出発の朝
あのあとは大変だった。
何よりまず、シスター・セシリアの洗礼巡礼の出発まで時間がなかったのだ。
俺は慌てて教会にアポイントをとると、直接足を運び、カノンが参加出来ないことと、リニアスタ=サーベンタスという人物が同行を希望している旨をシスター・セシリアに告げにいったのだ。
シスター・セシリアはカノンが参加出来ないことは非常に残念がっていたが、裏ボスさんの同行には不思議なほどスムーズに同意してくれた。
俺が保証する人物であれば信用できますと言ってくれたのだ。
──すいません、セス。その子、将来は裏ボスになる子なんです。本当にすいません。
俺はシスター・セシリアからの謎の信頼に心のなかで盛大に詫びるしかなかった。もちろん、現在の裏ボスさんは決して悪い子では無いと、俺は信じている。
裏ボスさんの行動は、確かに不思議ちゃんな部分は多々あれど、どう見ても人助けとしか思えない物が多いのだ。
歪みの対処を続けていく過程で、きっと何かが起きて裏ボスになってしまうのだろうと、俺はこちらに転生してきてからの日々で、確信していた。
そして洗礼巡礼へのその裏ボスさんの同行だが、学園の手続きの方は幸いなことに裏ボスさんが自分で済ませたようだった。

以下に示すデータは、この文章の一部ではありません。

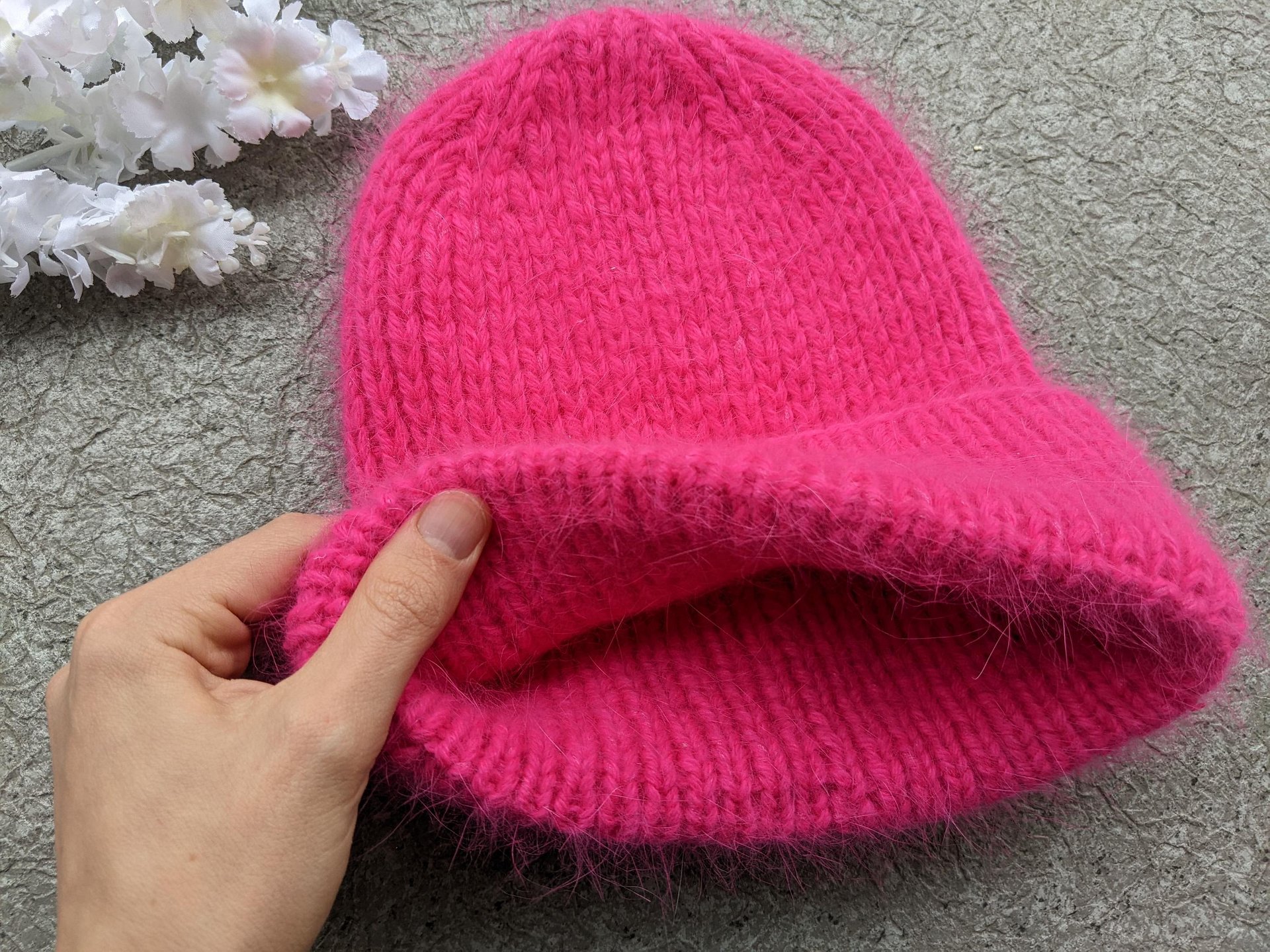 Ribbed Knit Winter Hat Pattern product image (7)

不安に思って教務課に確認すると、すでに申請済みと言われたのだ。
その時の教務担当の教官の微妙そうで何か言いたげな顔は、華麗にスルーしておいた。
裏ボスさんについて、不可侵な雰囲気は相変わらずのようだった。
そしてついに、裏ボスさんとシスター・セシリアの顔合わせをしないまま、洗礼巡礼への出発の朝を迎えたのだった。
◆◇
「シスター・セシリア。この度は洗礼巡礼への同行ができずに申し訳ない。旅のご無事を」
「ご丁寧にありがとうございます、カノンさん。学業もおありですし、無理を言ったのはこちらなのですからお気になさらないで」
出発まであと少しというところで、今回の洗礼巡礼への同行を断ったカノンが見送りに来てくれていた。

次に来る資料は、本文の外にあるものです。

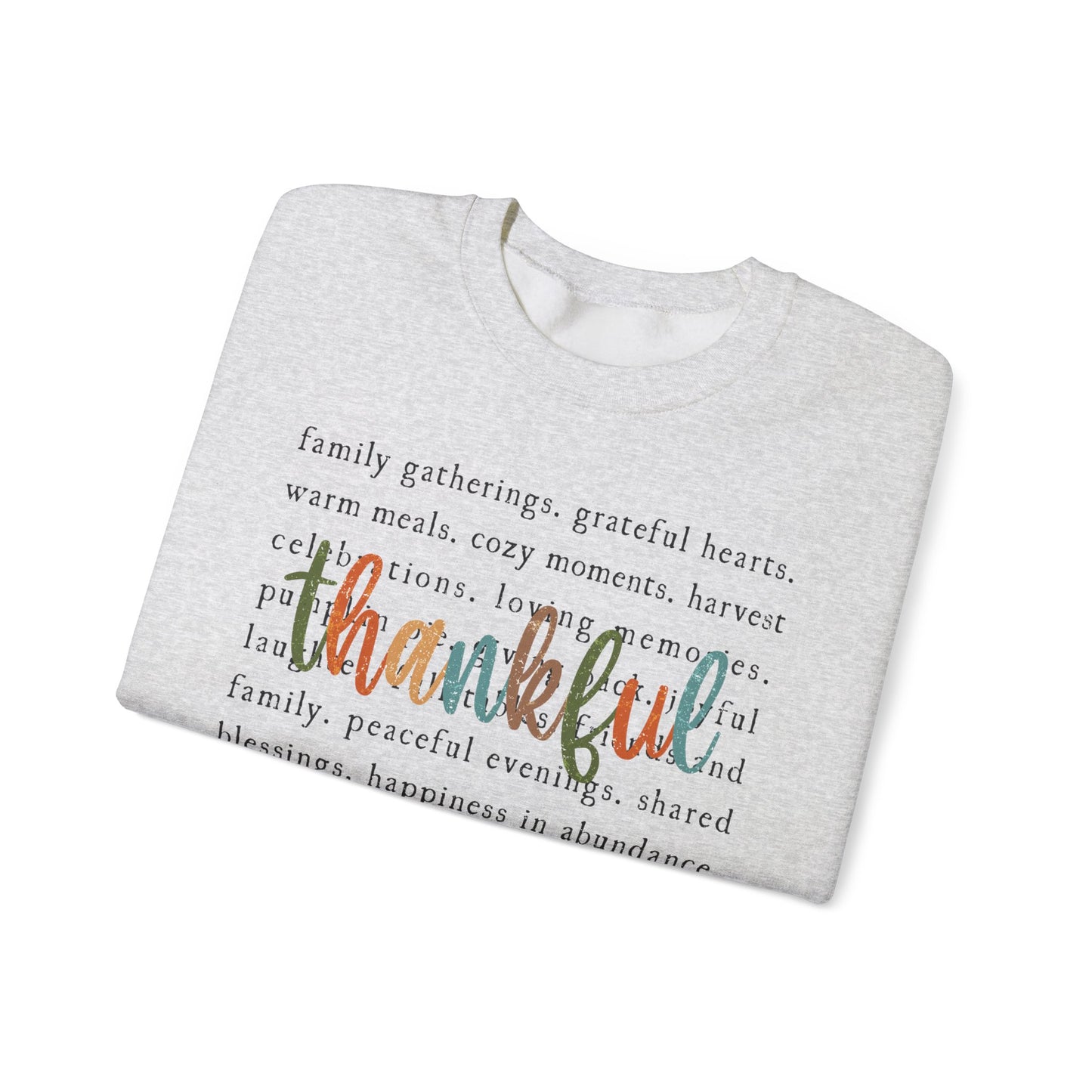 Thankful Thanksgiving Unisex Heavy Blend™ Crewneck Sweatshirt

「こちら、餞別です。シドも、余計なトラブルを起こすなよ」
朝早くから部屋に居なかったで、何をしていたのかと思っていたが、どうやらわざわざ餞別を用意してくれたらしい。
短期の旅なのに大袈裟だなと思いながらも、ありがたく受けとる。
俺への餞別は魔法薬の小瓶だった。
「鎮痛、鎮静効果のある魔法薬だ」
「お、おう。ありがたくもらっておく」
確かに有用な魔法薬だが、意図がよく読めない。そもそも、俺は余計なトラブルを何か起こした記憶はなかった。
しかし、あまり触れない方が良いかなと、大人しく受け取り、魔法薬の小瓶を荷物入れにしまう。
「シスター・セシリアのは、魔素回復効果があります」
「ありがとうございます。これは、本当にいくらあっても困りませんから」
そう言って天使の微笑みを浮かべるシスター・セシリア。
「それにしても、遅いんじゃないか。本当に参加するのか?」
もう一本、魔法薬の小瓶を手にしたまま俺に訊いてくるカノン。
たぶん、裏ボスさんの事を言っているのだろう。だとすると、カノンの持つ最後の一本は裏ボスさん用の餞別かと、その律儀さに頭が下がる思いだ。
「参加は、すると思うんだが……」
あれだけ、本人がいくと言っていたのだ。
いくらなんでもキャンセルは無いと思うんだが、少し、心配になってくる。
そこに、ようやく裏ボスさんが現れる。
そして俺たちは絶句するのだった。